The new treatment approach combining dinutuximab beta with a cytotoxic chemotherapy regimen was well-tolerated in all 3 patients with metastatic, GD2-positive ES or ELS, with no severe side effects reported. All patients achieved complete remission of the primary tumor and metastases, with an ongoing duration of response ranging from 14 to 19 months as of March 2022. One of the patients had no primary tumor after VIDE therapy, while the other 2 patients exhibited remaining primary tumors after induction, both of which demonstrated complete necrosis following 1 cycle of VAI and dinutuximab beta.

Targeting GD2 with dinutuximab beta is the standard of care approach to treating high-risk neuroblastoma in the maintenance setting in Europe and has significantly improved survival for patients with this malignancy.9,16,19 Evidence suggests that early use of anti-GD2 immunotherapy—during or after induction chemotherapy and before surgery—may also be beneficial in patients with high-risk neuroblastoma,20–23 including those with relapsed/refractory disease.24,25 The FDA-approved anti-GD2 antibody dinutuximab demonstrated significant anti-tumor activity in children with refractory or relapsed neuroblastoma when used in combination with chemotherapy,24,25 and pediatric dosing strategies, schedules and toxicities are well-documented with this therapy combination.18 Clinical trials investigating dinutuximab beta in combination with chemotherapy in patients with relapsed/refractory neuroblastoma are currently ongoing.

High GD2 expression levels in ES and ELS indicate that these tumors could also be successfully targeted with GD2-directed therapy, and in a recent case report, dinutuximab beta given alongside chemotherapy has demonstrated clinical activity in a patient with refractory ES.8 Our findings provide further evidence that anti-GD2 immunotherapy added to chemotherapy might be a suitable treatment option for patients with metastatic ES or ELS.

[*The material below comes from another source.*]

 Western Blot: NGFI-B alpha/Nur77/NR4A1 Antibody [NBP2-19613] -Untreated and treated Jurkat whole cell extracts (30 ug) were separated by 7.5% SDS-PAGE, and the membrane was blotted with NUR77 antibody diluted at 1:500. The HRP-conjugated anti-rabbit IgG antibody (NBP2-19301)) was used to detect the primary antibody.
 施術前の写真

While dinutuximab beta is approved for use as maintenance therapy in neuroblastoma,17 it is not currently indicated for the treatment of ES or ELS. However, based on the promising results reported with the use of early immunotherapy and a combination of immunotherapy and chemotherapy in neuroblastoma,20–25 we treated our patients with GD2-positive ES and ELS in a similar way. We combined dinutuximab beta treatment with consolidation therapy, with 1 cycle of dinutuximab beta being administered before surgery and the remaining cycles during the postoperative phase, in between VAI cycles. Administering the remaining cycles during rather than postconsolidation ensures that the period without immunotherapy is minimized, which may avoid possible drug resistance.

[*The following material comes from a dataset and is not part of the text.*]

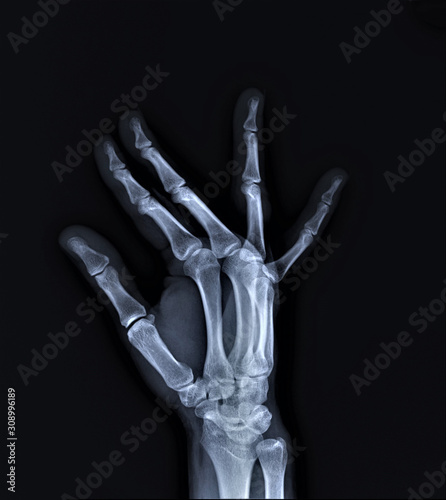 x-ray of hand bones, diagnosis of diseases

While our case report has several limitations, including the small patient number, the short follow-up duration and its retrospective nature, our findings, in addition to previous results achieved with anti-GD2 therapy in neuroblastoma, suggest that a treatment approach combining anti-GD2 immunotherapy and chemotherapy might be worth exploring in a wider clinical study in patients with ES and/or ELS, especially those with metastatic disease.

The high expression of GD2 in some ES/ELS biopsies may be an important factor to aid in treatment selection and the journey toward a personalized medicine approach for these patients.8 We were able to confirm GD2 expression in the biopsies from our patients before dinutuximab beta treatment. However, identification of GD2 on cells using immunohistochemistry has been inconsistent, and a standardized approach to detecting this marker is needed to be able to routinely categorize tumors based on GD2 expression.18

Overall, our findings suggest that anti-GD2 immunotherapy combined with chemotherapy in patients with newly diagnosed, metastatic ES or ELS represents a promising therapeutic option that warrants further clinical evaluation.